Somehow the UNLIKELY(size < count*(sizeof(TrieNode) - sizeof(TrieNode*)))
returns true, preventing the pickle file to be read.
Let me know if there is anything I can do to help troubleshoot this.
@EmilStenstrom Thanks a lot for your effort! I'll try to reproduce the bug.
@EmilStenstrom I was able to build wikidata-reduced.json, it was really time consuming. :) Now can I debug, thank you.
@WojciechMula Phew. Now you have some more waiting to do as you build the automation, and then try to search it. Building the automation works. The crash occurs when you try to load it using the last command.
Sorry about the long waits :)
@EmilStenstrom I'm working on this issue now, and managed to fix ugly memory leak. It's not a fix yet. :)
@WojciechMula That sounds fantastic! :) I'm happy all that processing power didn't go to waste.
@EmilStenstrom I'm still trying to reproduce the bug. Unfortunately, my laptop has too few memory and your app is killed after eating all 4GB. I tried to split input and then build/pickle/unpickle smaller chunks, but nothing wrong happened so far. I supposed there were some unicode-related problems (like #53), but it seems it's not a case. Just writing to give you feedback.
@WojciechMula I'm thinking of different ways of helping out. Would it help if I sent you the pickle file? It is 88 Mb if I zip it, so I think I can give you a dropbox link? What e-mail should I send the link to?
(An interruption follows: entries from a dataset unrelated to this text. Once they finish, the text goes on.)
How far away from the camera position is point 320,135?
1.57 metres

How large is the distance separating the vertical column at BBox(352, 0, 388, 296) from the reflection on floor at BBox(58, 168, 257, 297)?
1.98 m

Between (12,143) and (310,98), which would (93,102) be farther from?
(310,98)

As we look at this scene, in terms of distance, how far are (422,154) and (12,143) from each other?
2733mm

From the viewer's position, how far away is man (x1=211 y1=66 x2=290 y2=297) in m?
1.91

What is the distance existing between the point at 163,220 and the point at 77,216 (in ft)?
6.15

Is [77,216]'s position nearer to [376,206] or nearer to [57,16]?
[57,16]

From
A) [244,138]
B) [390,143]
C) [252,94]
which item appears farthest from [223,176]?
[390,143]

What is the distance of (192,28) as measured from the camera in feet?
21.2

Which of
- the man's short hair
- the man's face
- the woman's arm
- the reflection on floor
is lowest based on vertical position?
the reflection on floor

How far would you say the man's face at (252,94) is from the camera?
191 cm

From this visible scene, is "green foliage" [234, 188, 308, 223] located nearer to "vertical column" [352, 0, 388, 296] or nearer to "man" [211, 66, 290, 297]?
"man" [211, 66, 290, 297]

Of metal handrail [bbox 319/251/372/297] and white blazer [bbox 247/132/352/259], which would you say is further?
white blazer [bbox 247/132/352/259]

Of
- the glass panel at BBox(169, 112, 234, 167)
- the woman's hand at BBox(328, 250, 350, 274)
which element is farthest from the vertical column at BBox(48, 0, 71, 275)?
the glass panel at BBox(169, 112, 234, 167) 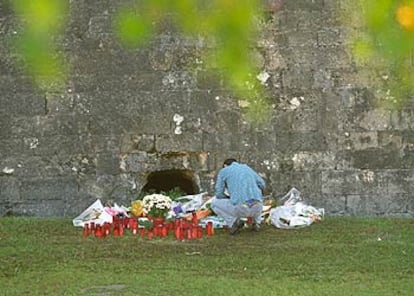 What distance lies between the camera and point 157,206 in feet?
32.1

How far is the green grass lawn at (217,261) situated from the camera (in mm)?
A: 6145

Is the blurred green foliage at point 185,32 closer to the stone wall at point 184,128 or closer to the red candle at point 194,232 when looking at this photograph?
the stone wall at point 184,128

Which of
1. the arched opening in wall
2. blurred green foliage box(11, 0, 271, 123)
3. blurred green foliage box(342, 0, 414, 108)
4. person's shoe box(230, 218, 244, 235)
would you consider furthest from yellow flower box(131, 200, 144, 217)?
blurred green foliage box(342, 0, 414, 108)

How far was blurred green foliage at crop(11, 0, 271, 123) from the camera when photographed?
34.9ft

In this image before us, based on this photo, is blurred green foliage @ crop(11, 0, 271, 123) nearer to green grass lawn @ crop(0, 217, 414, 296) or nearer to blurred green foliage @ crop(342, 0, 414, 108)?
blurred green foliage @ crop(342, 0, 414, 108)

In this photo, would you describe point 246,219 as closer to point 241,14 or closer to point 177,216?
point 177,216

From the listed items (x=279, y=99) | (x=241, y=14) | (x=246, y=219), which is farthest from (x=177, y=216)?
(x=241, y=14)

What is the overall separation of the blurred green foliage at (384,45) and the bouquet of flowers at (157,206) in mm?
2858

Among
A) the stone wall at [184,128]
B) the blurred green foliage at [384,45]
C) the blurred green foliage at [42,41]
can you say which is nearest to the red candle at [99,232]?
the stone wall at [184,128]

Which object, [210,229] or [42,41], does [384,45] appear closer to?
[210,229]

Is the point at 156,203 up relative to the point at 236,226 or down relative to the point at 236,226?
up

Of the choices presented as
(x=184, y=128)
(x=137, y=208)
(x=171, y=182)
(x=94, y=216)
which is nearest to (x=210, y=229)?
(x=137, y=208)

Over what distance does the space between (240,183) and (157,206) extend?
1203mm

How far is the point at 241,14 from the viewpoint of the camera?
10.8 m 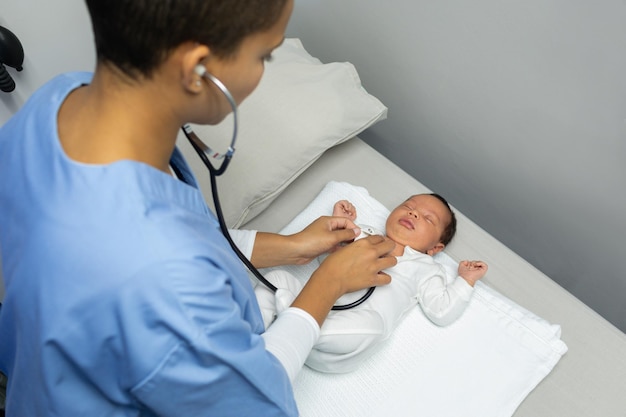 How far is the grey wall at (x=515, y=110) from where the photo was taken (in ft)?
3.82

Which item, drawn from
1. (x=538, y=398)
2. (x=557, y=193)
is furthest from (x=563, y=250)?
(x=538, y=398)

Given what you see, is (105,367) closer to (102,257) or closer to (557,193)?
(102,257)

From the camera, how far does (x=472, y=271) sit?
129 centimetres

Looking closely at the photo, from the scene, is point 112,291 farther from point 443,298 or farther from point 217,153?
point 443,298

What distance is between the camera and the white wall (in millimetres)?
1452

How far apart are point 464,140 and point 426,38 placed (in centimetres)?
33

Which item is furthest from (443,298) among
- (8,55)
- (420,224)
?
(8,55)

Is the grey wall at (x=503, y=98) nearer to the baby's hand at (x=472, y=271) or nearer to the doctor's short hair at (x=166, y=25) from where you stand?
the baby's hand at (x=472, y=271)

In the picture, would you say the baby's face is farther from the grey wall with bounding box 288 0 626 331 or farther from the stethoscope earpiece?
the stethoscope earpiece

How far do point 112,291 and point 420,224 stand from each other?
925mm

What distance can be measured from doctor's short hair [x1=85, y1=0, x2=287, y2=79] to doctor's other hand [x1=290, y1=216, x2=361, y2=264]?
0.68m

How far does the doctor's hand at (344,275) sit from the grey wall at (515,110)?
55 centimetres

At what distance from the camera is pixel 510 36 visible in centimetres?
125

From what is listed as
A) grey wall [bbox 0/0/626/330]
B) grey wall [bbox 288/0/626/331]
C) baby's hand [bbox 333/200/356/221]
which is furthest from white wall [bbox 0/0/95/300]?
baby's hand [bbox 333/200/356/221] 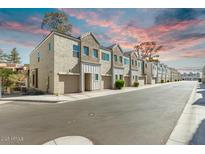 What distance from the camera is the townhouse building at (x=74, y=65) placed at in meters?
16.4

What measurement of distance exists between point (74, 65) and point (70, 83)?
224cm

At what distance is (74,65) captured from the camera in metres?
18.2

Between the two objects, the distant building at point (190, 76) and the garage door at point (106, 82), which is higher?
the distant building at point (190, 76)

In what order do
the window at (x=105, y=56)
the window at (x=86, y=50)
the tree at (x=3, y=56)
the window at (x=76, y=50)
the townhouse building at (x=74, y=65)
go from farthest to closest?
the tree at (x=3, y=56) < the window at (x=105, y=56) < the window at (x=86, y=50) < the window at (x=76, y=50) < the townhouse building at (x=74, y=65)

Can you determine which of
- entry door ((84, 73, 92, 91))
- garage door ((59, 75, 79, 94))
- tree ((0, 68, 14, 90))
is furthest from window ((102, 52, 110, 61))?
tree ((0, 68, 14, 90))

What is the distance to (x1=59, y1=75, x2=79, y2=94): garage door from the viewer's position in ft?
56.7

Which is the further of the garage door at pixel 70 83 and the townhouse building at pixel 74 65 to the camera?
the garage door at pixel 70 83

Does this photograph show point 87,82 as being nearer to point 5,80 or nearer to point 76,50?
point 76,50

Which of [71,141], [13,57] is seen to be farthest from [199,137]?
[13,57]

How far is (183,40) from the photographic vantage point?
43.6ft

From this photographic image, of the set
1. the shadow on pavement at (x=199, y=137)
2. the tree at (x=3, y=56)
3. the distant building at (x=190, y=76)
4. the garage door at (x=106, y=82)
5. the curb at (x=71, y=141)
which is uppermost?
the tree at (x=3, y=56)

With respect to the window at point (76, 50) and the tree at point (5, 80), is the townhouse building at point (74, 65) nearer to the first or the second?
the window at point (76, 50)

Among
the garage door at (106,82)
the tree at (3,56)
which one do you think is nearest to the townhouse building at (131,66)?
the garage door at (106,82)
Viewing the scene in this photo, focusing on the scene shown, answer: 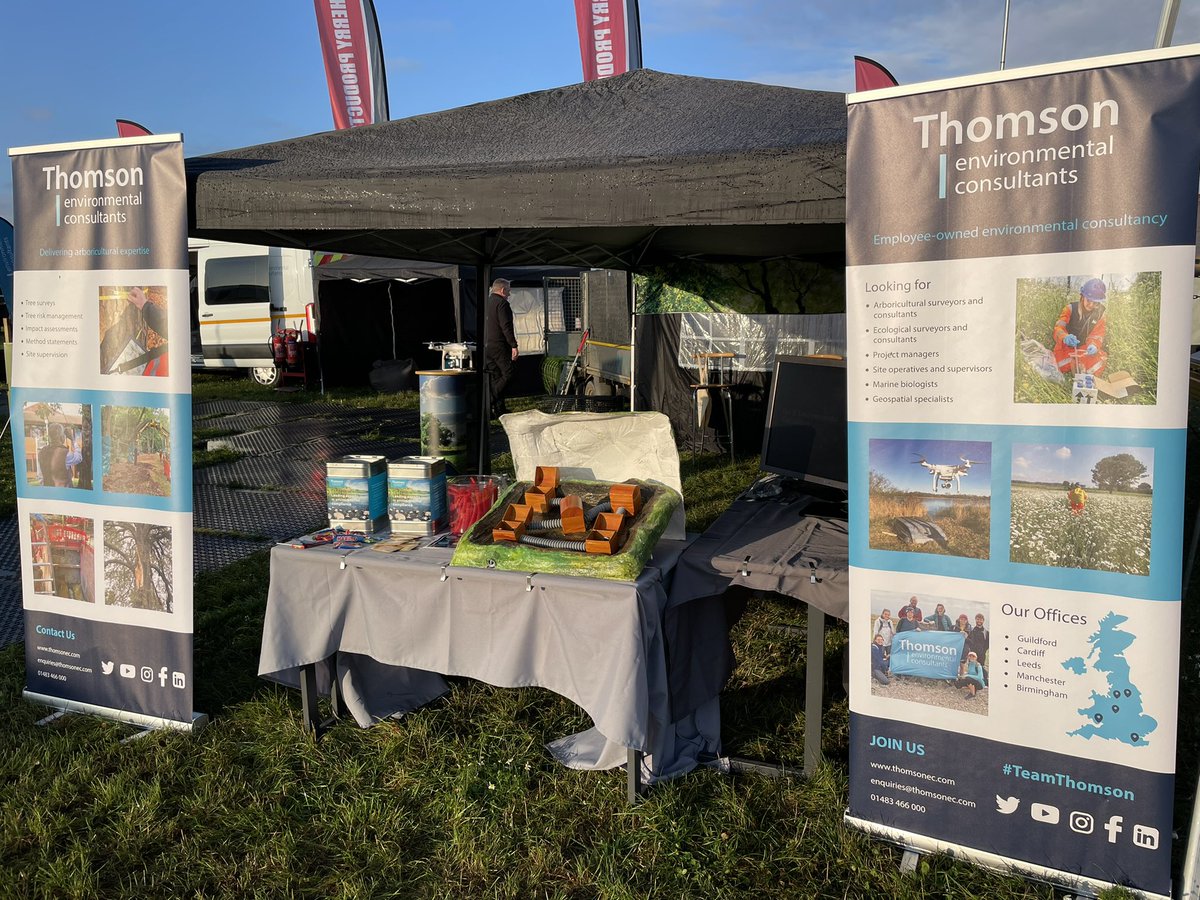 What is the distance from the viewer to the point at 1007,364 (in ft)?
6.95

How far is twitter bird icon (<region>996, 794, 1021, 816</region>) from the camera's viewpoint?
222 centimetres

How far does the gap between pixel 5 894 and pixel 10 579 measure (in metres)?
3.05

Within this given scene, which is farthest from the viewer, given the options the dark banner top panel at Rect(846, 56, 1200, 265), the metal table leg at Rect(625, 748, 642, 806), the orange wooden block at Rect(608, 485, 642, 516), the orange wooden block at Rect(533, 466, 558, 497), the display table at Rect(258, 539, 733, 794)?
the orange wooden block at Rect(533, 466, 558, 497)

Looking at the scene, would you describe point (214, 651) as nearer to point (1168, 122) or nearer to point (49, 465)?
point (49, 465)

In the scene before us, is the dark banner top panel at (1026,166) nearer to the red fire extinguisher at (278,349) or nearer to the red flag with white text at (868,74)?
the red flag with white text at (868,74)

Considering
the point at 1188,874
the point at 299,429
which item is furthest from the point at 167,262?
the point at 299,429

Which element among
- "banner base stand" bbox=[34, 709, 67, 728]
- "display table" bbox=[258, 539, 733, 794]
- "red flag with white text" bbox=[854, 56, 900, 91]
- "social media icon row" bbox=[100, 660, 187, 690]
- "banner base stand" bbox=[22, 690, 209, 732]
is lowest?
"banner base stand" bbox=[34, 709, 67, 728]

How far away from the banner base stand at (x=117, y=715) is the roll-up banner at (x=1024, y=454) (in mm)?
2244

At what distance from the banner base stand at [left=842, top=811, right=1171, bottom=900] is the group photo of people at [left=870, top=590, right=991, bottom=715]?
384 millimetres

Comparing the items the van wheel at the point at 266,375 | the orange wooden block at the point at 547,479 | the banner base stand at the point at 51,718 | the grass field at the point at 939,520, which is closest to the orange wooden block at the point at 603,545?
the orange wooden block at the point at 547,479

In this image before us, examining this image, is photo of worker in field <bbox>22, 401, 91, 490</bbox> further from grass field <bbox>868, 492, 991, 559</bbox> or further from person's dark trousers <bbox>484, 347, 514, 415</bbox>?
person's dark trousers <bbox>484, 347, 514, 415</bbox>

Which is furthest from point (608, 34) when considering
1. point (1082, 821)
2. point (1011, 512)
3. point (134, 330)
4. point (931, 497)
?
point (1082, 821)

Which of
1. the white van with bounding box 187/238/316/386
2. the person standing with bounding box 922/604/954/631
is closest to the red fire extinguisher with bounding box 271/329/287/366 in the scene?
the white van with bounding box 187/238/316/386

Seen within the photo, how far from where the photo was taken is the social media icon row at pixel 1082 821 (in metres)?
2.09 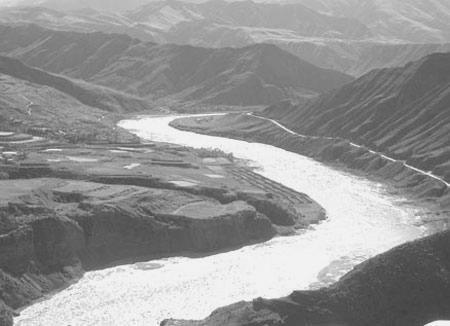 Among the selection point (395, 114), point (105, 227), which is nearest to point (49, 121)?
point (395, 114)

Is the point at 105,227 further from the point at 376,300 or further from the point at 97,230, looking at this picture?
the point at 376,300

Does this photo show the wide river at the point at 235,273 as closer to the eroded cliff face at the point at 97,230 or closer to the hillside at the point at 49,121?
the eroded cliff face at the point at 97,230

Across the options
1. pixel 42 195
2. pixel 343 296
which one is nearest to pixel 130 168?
pixel 42 195

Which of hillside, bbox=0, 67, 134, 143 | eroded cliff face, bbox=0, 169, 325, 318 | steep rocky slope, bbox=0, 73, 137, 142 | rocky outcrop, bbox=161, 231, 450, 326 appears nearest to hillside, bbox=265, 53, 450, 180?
eroded cliff face, bbox=0, 169, 325, 318

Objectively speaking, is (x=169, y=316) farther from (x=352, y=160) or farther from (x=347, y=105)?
(x=347, y=105)

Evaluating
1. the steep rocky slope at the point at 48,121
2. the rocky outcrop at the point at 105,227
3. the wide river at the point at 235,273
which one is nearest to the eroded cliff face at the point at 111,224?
the rocky outcrop at the point at 105,227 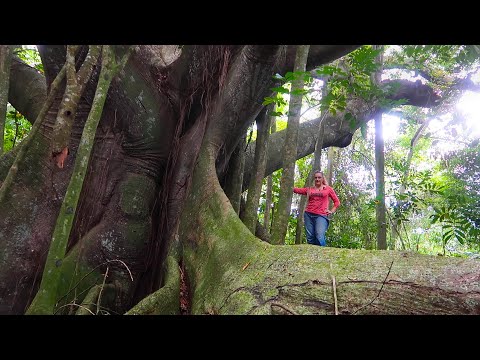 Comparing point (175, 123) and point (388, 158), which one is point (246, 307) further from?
point (388, 158)

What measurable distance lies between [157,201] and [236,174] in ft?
3.45

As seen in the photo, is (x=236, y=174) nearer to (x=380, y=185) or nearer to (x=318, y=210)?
(x=318, y=210)

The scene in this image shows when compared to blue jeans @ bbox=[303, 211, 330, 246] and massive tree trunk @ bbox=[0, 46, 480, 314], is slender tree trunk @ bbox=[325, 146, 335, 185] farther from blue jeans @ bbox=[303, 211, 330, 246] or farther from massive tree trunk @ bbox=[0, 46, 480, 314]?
massive tree trunk @ bbox=[0, 46, 480, 314]

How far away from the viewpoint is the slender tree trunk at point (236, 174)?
461cm

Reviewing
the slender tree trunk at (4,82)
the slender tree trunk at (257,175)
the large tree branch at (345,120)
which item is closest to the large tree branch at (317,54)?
the slender tree trunk at (257,175)

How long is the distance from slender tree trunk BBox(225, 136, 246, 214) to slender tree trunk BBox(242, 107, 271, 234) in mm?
223

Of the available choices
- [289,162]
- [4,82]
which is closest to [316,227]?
[289,162]

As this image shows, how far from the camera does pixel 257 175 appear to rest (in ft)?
14.3

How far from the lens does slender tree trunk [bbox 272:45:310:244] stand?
10.6 feet

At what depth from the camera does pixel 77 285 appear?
123 inches

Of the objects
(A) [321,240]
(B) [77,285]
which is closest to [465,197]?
(A) [321,240]

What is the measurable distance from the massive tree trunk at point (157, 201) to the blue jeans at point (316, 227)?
1607mm

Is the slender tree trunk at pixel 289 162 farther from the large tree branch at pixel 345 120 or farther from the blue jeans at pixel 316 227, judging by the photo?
the large tree branch at pixel 345 120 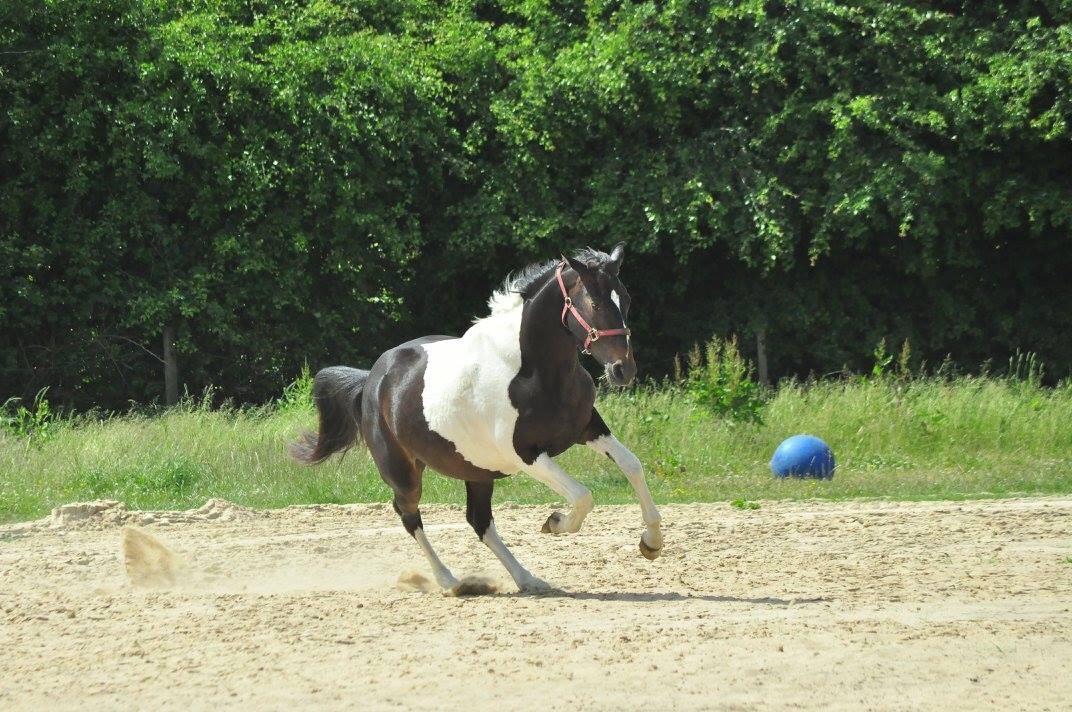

I had an idea that maybe the whole file was truncated? So I found that you can inspect a pickle file with pickletools from the python library. But it seems it ends in the expected way:
$ python -m pickletools wikidata_automation.pickle | tail
268149006: r LONG_BINPUT 13858041
268149011: X BINUNICODE 'Q27876039'
268149025: r LONG_BINPUT 13858042
268149030: e APPENDS (MARK at 268141046)
268149031: t TUPLE (MARK at 27)
268149032: r LONG_BINPUT 13858043
268149037: R REDUCE
268149038: r LONG_BINPUT 13858044
268149043: . STOP
highest protocol among opcodes = 3
@EmilStenstrom If you can, please send me the pickle file directly. My e-mail: wojciech_mula@poczta.onet.pl
Sent the link to your e-mail!
I also pushed some updates the the script that creates the wikidata-reduced.json file (I sent you the old file, not the updated one to make sure you can reproduce). The updated file is now excluding lots of entities I'm not interested in anyway. Should be about half the size. Maybe that makes it possible to create the automation on 4 Gb? I'm on a Macbook Pro from work with 16 Gb RAM, so I can deal with huge files.
@EmilStenstrom Just clicked what's wrong. If your automaton takes several gigabytes it's almost impossible that a pickle file would be several times smaller.
@WojciechMula: So something is wrong with how I create the pickle file?
@EmilStenstrom You're doing everything perfectly right, there's some bug in pickle. Just created automaton with 1.000.000 words and pickled file has 350MB.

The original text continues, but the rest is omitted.